Not surprisingly the entire city was prepared for mass bloodshed, reminiscent of the railroad strike a decade earlier when police and soldiers gunned down hundreds of striking workers. On May 1, 1886, more than 300,000 workers in 13,000 businesses across the United States walked off their jobs in the first May Day celebration in history. In Chicago, the epicenter for the 8-hour day agitators, 40,000 went out on strike with the anarchists in the forefront of the public's eye. With their fiery speeches and revolutionary ideology of direct action, anarchists and anarchism became respected and embraced by the working people and despised by the capitalists.
The names of many - Albert Parsons, Johann Most, August Spies and Louis Lingg - became household words in Chicago and throughout the country. Parades, bands and tens of thousands of demonstrators in the streets exemplified the workers' strength and unity, yet didn't become violent as the newspapers and authorities predicted.
More and more workers continued to walk off their jobs until the numbers swelled to nearly 100,000, yet peace prevailed. It was not until two days later, May 3, 1886, that violence broke out at the McCormick Reaper Works between police and strikers.
For six months, armed Pinkerton agents and the police harassed and beat locked-out steelworkers as they picketed. Most of these workers belonged to the "anarchist-dominated" Metal Workers' Union. During a speech near the McCormick plant, some two hundred demonstrators joined the steelworkers on the picket line. Beatings with police clubs escalated into rock throwing by the strikers which the police responded to with gunfire. At least two strikers were killed and an unknown number were wounded.
Full of rage, a public meeting was called by some of the anarchists for the following day in Haymarket Square to discuss the police brutality. Due to bad weather and short notice, only about 3000 of the tens of thousands of people showed up from the day before. This affair included families with children and the mayor of Chicago himself. Later, the mayor would testify that the crowd remained calm and orderly and that speaker August Spies made "no suggestion... for immediate use of force or violence toward any person..."
As the speech wound down, two detectives rushed to the main body of police, reporting that a speaker was using inflammatory language, inciting the police to march on the speakers' wagon. As the police began to disperse the already thinning crowd, a bomb was thrown into the police ranks. No one knows who threw the bomb, but speculations varied from blaming any one of the anarchists, to an agent provocateur working for the police.

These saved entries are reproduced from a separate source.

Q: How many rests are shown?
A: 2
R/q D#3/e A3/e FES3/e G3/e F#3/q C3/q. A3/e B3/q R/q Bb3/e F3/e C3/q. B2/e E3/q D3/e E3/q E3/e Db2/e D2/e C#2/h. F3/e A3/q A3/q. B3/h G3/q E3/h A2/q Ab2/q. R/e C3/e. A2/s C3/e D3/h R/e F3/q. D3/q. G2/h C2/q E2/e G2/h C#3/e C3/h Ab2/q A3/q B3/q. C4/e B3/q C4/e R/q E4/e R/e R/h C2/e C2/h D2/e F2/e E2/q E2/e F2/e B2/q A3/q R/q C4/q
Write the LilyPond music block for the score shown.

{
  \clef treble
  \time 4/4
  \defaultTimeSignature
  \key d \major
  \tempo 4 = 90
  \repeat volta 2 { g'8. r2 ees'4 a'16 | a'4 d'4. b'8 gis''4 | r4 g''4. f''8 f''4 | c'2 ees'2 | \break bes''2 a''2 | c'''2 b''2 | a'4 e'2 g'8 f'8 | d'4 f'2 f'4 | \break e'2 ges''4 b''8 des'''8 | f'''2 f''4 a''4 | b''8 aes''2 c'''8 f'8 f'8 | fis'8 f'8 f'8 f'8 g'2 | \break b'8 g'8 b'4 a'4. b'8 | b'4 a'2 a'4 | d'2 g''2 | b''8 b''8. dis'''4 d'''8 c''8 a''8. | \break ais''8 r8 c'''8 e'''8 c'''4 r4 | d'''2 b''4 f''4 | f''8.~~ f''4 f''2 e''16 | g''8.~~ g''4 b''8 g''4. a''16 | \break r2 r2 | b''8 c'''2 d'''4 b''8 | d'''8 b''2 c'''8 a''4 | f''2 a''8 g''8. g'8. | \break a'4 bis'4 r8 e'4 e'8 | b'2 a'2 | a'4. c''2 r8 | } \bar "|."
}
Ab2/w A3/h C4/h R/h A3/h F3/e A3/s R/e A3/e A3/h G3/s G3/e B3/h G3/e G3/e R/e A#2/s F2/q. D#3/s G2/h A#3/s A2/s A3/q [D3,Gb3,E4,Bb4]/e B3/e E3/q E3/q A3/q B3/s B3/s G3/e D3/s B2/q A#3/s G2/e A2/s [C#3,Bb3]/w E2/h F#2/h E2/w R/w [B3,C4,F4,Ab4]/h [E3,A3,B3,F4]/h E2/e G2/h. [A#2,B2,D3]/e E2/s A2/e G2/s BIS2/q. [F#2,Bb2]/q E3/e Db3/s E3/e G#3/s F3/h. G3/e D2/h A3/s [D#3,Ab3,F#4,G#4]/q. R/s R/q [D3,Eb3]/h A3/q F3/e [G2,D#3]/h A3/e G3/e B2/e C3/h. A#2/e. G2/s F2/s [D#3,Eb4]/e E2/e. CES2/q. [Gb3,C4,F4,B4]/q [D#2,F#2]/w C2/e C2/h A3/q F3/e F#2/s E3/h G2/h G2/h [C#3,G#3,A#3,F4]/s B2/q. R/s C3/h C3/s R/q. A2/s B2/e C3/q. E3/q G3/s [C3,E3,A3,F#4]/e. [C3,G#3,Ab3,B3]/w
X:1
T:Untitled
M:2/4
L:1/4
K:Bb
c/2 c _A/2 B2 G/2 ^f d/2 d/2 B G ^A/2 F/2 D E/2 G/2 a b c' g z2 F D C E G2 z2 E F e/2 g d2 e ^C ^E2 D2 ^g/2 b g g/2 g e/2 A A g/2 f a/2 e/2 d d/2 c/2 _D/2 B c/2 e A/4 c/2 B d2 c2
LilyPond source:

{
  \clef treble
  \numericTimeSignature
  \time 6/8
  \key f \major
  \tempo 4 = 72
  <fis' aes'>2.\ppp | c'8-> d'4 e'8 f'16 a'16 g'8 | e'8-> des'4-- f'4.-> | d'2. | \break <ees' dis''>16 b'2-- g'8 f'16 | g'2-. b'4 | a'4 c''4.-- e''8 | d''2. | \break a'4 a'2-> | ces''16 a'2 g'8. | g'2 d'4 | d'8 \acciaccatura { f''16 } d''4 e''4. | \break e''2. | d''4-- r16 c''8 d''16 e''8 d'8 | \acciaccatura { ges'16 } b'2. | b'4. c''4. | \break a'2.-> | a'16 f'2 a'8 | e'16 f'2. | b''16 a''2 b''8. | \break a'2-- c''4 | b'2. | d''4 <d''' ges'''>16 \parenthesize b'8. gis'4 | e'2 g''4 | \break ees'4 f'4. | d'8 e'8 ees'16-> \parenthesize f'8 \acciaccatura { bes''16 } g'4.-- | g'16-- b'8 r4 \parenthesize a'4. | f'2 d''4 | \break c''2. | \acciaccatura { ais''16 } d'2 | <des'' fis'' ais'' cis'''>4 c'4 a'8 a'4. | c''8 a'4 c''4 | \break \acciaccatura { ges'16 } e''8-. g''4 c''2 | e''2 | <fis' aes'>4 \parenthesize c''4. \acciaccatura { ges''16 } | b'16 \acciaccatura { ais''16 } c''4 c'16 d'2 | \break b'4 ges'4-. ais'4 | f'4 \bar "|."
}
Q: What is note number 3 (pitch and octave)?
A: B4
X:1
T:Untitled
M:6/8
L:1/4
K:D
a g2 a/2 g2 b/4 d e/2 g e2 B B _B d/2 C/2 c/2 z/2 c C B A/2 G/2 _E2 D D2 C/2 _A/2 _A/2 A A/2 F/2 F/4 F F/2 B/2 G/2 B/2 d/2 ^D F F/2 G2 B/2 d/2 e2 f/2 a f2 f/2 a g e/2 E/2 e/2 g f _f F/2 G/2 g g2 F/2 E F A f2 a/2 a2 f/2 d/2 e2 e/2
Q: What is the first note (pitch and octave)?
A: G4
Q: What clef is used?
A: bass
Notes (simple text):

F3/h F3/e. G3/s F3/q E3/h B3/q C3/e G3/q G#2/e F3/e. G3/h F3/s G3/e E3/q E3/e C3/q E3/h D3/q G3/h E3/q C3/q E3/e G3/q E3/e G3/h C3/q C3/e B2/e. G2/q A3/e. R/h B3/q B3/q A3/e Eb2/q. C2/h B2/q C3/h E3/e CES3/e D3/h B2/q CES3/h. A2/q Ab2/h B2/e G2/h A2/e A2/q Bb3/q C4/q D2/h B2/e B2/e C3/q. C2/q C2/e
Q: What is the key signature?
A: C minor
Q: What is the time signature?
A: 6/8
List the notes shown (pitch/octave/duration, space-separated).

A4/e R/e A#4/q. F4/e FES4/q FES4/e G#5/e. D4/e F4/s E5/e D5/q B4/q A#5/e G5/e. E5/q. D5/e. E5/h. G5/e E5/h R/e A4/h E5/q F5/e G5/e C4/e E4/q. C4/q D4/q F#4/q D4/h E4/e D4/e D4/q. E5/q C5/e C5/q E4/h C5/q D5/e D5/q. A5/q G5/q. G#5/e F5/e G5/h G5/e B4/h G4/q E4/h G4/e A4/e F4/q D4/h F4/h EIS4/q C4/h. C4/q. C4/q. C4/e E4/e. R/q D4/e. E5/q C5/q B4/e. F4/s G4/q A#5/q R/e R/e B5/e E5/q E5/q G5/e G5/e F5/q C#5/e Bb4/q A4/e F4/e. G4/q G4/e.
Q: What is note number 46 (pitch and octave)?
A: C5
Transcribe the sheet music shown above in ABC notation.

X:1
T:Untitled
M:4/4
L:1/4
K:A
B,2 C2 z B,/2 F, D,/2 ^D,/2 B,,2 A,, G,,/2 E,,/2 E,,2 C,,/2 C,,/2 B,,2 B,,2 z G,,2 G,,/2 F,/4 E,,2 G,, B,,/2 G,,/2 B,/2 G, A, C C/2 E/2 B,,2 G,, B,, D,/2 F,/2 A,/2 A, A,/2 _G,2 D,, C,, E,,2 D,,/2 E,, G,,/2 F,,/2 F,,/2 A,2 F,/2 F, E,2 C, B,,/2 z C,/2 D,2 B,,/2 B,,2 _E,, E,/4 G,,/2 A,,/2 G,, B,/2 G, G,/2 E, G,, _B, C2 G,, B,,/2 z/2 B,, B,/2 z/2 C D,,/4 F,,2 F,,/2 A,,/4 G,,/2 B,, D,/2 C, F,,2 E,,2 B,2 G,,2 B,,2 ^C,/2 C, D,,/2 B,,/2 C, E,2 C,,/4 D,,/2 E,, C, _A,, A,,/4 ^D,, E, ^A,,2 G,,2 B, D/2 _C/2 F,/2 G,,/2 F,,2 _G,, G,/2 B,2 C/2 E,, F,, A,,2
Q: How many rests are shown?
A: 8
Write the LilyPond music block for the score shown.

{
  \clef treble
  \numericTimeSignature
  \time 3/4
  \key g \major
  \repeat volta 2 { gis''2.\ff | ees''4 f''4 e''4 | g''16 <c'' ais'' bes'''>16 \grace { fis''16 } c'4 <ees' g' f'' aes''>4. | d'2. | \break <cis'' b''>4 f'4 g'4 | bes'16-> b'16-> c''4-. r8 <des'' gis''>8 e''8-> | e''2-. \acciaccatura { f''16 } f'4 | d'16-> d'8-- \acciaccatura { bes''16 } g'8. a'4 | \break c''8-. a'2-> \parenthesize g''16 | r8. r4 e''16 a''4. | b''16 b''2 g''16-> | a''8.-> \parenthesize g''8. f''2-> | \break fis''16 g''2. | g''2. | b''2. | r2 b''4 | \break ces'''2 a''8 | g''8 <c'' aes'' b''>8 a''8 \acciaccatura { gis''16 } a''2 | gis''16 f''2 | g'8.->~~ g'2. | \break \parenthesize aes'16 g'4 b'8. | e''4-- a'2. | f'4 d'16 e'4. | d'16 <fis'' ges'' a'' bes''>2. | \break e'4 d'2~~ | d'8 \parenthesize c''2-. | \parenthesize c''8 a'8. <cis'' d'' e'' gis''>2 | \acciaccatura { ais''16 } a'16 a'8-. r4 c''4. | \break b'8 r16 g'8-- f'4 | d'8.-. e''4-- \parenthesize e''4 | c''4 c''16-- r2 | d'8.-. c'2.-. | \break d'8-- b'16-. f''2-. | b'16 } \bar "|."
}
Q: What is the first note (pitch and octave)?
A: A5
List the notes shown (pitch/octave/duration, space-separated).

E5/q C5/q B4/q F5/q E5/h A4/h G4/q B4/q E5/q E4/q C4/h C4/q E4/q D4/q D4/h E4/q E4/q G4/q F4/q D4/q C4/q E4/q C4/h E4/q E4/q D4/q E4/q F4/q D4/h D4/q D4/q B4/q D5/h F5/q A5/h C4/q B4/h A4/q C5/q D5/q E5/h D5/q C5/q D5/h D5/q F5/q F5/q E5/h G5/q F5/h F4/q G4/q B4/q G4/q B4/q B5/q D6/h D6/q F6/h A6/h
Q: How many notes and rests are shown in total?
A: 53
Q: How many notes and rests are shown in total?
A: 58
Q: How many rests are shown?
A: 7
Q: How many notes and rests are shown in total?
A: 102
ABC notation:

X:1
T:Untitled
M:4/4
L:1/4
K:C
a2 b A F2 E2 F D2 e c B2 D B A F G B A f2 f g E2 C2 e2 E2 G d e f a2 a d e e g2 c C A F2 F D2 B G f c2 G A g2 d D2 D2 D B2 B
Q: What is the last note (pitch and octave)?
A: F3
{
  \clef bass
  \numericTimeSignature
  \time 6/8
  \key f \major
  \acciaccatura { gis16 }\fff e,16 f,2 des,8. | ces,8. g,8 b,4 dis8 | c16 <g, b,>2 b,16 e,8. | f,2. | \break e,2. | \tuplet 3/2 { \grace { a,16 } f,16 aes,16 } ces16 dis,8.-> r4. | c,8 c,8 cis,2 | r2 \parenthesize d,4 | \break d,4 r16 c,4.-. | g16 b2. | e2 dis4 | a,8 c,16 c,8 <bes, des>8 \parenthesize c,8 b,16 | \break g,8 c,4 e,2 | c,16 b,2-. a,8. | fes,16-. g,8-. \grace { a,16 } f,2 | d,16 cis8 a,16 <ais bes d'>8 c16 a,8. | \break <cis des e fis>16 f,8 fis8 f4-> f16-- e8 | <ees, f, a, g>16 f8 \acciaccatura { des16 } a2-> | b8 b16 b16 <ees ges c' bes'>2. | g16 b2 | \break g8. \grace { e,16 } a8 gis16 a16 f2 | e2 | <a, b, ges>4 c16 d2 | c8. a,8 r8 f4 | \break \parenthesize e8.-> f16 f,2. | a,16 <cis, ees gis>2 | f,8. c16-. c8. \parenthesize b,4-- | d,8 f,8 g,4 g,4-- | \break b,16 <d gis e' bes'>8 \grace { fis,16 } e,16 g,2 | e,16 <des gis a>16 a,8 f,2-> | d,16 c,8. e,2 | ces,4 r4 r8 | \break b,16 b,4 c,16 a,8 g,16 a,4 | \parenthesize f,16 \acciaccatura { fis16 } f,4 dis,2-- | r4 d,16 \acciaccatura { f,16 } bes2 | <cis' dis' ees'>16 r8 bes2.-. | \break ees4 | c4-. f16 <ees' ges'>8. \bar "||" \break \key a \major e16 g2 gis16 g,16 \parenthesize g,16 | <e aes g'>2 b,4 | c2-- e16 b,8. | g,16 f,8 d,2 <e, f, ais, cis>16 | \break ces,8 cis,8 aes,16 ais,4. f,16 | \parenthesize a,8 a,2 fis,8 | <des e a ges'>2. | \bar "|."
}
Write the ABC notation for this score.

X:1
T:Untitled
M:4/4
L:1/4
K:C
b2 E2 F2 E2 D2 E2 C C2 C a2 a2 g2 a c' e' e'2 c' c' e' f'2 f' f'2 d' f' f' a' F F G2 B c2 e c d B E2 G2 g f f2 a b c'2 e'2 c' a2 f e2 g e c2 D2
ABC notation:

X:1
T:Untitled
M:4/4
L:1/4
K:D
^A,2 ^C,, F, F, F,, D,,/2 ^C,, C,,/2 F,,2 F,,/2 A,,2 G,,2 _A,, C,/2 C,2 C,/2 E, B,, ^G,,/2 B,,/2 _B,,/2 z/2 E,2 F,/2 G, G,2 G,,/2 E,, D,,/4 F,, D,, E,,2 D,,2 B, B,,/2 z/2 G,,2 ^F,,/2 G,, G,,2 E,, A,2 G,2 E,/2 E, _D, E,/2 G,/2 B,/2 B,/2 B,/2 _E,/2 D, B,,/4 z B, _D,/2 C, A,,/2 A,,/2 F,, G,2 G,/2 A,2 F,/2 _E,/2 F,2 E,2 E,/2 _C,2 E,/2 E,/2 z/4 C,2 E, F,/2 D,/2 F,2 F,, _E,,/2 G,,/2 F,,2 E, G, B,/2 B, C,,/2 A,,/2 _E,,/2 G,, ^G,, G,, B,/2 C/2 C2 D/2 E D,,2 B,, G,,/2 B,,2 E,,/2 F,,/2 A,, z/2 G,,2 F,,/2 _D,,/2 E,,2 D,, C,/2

Enraged, the police fired into the crowd. The exact number of civilians killed or wounded was never determined, but an estimated seven or eight civilians died, and up to forty were wounded. One officer died immediately and another seven died in the following weeks. Later evidence indicated that only one of the police deaths could be attributed to the bomb and that all the other police fatalities had or could have had been due to their own indiscriminate gun fire. Aside from the bomb thrower, who was never identified, it was the police, not the anarchists, who perpetrated the violence.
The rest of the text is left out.